AMDs benchmarks use popular productivity and gaming applications such as Microsoft Office 2000, Microsoft Office XP, Adobe Photoshop versions 6 and 7, Quake III, Comanche 4 and many others to compare the 2.2GHz versions of the Athlon 64, Athlon 64 FX to two configurations of the 3.2GHz Intel Pentium 4 using the 800MHz FSB bus. In the published benchmarks, both the Athlon 64 and the Athlon 64 FX beat the Pentium 4 in overall performance as well as on most individual tests (see the evaluation guide for details). Third-party benchmarks, as always, show mixed results (see the links following this article for details).

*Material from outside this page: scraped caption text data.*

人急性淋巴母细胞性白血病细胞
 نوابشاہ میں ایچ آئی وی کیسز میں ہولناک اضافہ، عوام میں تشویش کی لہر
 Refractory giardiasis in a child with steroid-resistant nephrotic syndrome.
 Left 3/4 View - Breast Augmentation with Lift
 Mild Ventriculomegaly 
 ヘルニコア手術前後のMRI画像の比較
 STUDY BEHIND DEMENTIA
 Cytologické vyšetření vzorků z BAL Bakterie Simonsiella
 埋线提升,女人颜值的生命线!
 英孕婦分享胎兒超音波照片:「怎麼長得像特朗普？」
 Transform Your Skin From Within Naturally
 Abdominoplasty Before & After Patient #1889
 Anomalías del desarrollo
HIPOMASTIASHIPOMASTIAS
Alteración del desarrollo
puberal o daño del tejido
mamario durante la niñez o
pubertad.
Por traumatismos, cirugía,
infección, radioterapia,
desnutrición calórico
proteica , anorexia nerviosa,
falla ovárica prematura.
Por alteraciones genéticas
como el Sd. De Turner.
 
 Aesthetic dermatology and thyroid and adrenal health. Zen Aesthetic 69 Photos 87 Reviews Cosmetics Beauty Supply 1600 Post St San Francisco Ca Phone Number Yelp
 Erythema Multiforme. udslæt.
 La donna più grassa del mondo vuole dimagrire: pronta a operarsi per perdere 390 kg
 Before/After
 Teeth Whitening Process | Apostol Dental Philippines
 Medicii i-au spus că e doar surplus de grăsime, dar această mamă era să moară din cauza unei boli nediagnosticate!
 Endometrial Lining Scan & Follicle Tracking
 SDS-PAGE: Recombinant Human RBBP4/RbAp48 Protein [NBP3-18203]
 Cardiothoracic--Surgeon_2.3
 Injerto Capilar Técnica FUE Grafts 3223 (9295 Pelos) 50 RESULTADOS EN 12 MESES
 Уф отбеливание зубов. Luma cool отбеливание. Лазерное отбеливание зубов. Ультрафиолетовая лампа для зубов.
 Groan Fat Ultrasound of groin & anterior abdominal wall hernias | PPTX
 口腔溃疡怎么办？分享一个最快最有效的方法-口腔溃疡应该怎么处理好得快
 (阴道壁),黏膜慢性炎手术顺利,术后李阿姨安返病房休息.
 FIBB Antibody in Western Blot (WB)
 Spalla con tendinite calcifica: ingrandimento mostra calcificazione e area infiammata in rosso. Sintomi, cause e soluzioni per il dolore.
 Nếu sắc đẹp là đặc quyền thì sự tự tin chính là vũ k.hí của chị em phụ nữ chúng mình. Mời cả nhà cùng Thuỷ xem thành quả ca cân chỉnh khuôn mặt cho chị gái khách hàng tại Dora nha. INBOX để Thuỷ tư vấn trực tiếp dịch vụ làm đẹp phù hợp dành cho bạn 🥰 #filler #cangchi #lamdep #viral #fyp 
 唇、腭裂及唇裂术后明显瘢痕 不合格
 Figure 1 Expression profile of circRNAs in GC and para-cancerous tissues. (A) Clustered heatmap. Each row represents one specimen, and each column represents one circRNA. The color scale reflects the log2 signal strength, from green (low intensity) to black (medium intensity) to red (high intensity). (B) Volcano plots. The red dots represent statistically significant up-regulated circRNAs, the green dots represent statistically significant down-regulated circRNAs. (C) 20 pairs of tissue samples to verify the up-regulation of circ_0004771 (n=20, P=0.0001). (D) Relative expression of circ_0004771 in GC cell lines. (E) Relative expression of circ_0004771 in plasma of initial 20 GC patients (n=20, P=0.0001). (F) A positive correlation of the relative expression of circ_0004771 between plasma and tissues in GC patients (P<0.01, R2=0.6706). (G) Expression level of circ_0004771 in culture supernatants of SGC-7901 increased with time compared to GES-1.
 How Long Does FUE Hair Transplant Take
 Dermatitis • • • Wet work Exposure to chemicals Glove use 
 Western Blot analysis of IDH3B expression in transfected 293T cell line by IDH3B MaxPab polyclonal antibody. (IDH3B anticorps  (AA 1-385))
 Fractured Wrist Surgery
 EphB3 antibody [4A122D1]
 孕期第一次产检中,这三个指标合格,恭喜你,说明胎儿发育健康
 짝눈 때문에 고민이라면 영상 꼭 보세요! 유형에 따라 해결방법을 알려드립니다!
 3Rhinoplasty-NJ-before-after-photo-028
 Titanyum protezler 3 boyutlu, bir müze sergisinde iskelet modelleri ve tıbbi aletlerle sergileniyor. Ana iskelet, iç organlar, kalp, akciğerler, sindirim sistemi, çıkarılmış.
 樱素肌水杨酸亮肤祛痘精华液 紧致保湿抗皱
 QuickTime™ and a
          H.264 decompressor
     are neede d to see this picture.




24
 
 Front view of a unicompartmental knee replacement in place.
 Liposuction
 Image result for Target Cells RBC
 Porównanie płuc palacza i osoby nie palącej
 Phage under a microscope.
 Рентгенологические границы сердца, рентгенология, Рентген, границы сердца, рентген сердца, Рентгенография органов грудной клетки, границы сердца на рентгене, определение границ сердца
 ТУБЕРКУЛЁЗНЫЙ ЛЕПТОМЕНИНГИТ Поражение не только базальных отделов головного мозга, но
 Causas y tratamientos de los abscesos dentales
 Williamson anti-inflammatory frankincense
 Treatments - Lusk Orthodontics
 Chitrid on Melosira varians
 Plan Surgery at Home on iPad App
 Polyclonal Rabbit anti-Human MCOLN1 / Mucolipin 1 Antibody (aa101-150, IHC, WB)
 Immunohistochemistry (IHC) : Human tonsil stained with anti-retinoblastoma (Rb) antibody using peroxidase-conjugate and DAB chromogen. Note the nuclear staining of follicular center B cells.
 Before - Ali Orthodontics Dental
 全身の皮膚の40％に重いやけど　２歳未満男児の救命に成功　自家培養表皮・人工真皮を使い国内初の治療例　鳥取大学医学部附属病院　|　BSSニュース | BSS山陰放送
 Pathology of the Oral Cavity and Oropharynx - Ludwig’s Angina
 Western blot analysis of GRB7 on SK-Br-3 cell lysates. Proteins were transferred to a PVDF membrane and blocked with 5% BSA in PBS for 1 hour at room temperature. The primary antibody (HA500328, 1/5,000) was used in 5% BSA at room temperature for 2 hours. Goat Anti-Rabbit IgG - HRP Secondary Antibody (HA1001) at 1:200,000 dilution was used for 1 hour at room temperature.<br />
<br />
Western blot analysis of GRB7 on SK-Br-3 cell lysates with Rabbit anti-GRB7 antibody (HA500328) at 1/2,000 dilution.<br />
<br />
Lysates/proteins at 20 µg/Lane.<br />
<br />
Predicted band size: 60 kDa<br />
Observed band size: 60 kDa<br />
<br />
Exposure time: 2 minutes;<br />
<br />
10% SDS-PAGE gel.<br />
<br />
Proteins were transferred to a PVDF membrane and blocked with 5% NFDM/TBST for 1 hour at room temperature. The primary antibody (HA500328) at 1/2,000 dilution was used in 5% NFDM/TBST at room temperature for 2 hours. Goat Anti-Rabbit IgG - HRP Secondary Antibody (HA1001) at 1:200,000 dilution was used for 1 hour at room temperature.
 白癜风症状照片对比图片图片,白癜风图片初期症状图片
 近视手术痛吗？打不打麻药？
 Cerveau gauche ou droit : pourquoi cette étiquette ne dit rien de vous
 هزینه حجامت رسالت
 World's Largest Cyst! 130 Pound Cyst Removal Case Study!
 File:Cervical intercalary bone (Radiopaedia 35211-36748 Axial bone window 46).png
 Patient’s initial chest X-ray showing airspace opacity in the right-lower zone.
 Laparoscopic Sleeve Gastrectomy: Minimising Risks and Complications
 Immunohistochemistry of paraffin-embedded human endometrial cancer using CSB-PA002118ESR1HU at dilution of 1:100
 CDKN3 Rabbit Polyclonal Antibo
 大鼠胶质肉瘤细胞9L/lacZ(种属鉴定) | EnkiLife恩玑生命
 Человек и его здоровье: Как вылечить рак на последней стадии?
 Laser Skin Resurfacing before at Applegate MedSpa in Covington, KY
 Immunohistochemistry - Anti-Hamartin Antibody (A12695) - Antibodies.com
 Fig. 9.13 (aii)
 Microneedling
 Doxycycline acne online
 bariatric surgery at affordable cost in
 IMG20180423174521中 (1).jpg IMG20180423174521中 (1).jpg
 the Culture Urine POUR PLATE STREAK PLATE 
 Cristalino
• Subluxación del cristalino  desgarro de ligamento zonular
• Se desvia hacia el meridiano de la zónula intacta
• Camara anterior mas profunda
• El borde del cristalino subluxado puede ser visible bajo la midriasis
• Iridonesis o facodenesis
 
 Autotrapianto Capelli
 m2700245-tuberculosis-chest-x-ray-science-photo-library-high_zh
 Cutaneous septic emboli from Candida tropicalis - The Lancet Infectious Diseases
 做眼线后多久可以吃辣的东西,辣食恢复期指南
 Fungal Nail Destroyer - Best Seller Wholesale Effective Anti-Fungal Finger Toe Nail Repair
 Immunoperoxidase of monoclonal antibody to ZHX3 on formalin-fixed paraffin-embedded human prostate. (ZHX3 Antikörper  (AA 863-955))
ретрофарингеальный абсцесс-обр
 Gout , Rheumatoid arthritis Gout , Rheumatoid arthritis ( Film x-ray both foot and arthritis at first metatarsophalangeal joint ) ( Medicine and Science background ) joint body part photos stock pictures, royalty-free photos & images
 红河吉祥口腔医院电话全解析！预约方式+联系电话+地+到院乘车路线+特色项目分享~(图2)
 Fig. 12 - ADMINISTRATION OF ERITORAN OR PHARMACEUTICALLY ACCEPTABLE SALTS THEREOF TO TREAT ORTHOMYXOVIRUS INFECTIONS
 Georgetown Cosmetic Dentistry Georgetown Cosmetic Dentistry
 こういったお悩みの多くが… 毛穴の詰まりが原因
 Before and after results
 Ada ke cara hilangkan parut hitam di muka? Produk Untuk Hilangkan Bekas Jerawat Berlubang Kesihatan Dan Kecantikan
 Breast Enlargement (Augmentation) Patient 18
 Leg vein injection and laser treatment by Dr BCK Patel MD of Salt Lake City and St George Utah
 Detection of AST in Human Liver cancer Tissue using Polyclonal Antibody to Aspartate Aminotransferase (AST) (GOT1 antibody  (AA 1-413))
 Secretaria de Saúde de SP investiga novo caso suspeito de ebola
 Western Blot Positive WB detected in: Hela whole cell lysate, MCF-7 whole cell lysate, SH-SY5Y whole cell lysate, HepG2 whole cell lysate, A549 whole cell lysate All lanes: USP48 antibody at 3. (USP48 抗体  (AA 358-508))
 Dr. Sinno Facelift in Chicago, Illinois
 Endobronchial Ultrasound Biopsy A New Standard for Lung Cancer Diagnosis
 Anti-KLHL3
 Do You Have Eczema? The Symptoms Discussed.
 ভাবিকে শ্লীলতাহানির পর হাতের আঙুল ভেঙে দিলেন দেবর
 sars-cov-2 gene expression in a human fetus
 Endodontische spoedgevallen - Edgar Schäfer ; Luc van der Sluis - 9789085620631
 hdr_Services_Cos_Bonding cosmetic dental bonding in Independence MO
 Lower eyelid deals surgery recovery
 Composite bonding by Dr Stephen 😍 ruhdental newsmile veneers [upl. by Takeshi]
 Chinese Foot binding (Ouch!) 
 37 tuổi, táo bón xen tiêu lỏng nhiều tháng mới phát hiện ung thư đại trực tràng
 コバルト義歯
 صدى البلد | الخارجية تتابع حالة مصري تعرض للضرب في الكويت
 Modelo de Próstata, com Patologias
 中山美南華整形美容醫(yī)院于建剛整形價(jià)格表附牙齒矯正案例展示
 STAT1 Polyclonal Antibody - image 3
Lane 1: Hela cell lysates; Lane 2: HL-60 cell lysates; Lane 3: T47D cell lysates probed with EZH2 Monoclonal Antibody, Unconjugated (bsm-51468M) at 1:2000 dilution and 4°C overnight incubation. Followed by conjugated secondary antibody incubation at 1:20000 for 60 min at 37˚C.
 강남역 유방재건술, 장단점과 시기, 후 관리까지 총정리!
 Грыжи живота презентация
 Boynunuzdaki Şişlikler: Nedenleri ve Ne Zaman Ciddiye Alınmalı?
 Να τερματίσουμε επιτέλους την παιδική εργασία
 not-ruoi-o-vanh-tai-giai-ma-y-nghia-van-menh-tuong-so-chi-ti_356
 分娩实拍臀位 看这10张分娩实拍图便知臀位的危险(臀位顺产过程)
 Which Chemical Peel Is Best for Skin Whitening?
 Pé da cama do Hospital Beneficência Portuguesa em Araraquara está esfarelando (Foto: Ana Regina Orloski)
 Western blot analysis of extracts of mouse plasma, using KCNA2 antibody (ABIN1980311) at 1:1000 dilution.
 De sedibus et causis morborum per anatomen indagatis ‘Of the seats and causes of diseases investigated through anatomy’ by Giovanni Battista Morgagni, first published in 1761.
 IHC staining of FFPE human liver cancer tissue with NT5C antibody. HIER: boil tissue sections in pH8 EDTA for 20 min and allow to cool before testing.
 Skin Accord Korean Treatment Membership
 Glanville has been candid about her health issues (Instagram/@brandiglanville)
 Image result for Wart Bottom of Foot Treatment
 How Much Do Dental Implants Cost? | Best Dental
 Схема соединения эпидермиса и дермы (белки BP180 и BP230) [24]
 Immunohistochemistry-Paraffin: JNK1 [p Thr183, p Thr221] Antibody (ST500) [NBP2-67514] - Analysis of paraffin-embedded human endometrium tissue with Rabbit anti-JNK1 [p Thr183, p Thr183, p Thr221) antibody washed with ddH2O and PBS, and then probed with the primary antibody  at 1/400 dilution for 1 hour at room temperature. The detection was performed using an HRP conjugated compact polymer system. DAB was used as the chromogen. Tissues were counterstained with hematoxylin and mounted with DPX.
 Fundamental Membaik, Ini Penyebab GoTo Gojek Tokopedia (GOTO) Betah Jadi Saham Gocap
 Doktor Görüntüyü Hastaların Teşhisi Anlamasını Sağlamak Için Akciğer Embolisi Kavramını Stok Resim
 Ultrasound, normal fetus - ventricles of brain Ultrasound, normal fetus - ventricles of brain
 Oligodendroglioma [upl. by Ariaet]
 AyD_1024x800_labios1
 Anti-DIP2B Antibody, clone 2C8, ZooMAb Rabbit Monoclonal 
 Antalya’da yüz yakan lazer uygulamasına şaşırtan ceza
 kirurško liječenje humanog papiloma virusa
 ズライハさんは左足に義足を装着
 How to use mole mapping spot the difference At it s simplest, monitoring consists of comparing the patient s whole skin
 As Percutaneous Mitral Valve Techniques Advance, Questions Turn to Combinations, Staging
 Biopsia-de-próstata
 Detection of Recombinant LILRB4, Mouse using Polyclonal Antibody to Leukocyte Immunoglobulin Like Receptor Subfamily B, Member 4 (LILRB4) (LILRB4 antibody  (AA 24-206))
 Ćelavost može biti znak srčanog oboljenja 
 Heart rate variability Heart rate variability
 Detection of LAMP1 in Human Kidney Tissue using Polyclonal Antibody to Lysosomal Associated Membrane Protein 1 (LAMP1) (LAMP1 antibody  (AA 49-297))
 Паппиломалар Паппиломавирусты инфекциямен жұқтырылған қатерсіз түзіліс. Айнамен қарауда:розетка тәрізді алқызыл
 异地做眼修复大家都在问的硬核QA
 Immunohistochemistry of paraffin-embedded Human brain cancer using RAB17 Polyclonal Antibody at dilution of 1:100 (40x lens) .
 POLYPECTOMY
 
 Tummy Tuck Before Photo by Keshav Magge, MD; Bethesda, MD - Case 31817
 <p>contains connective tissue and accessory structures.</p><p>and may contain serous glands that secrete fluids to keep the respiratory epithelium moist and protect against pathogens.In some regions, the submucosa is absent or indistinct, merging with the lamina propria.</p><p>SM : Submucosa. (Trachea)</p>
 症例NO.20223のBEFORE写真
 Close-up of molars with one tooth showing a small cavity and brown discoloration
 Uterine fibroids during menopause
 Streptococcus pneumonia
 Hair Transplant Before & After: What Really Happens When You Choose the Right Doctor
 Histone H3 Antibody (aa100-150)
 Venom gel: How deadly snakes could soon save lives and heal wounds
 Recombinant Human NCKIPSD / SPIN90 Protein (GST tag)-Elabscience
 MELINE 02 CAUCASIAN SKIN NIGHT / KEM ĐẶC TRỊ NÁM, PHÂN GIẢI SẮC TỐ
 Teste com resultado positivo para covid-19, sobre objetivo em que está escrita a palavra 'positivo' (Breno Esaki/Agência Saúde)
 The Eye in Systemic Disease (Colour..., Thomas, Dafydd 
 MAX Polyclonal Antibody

Some third-party benchmark tests compare the Athlon 64 family to the brand-new Intel Pentium 4 Extreme Edition as well as the regular Pentium 4 3.2GHz model. To learn more about this chip, see my article "The Pentium 4 Extreme Edition", running at a full 1GHz speed advantage over the Athlon 64 FX (3.2GHz versus the Athlon 64 FXs 2.2GHz), surpasses the FX on some benchmarks, but loses out on others.


The Athlon 64 family demonstrates that an optimized design running at a relatively slow clock speed (compared to top of the line Intel processors) can compete with faster processors using current 32-bit software. However, the full benefits of 64-bit desktop processing afforded by the Athlon 64 family arent available at present because of a lack of 64-bit applications and operating systems.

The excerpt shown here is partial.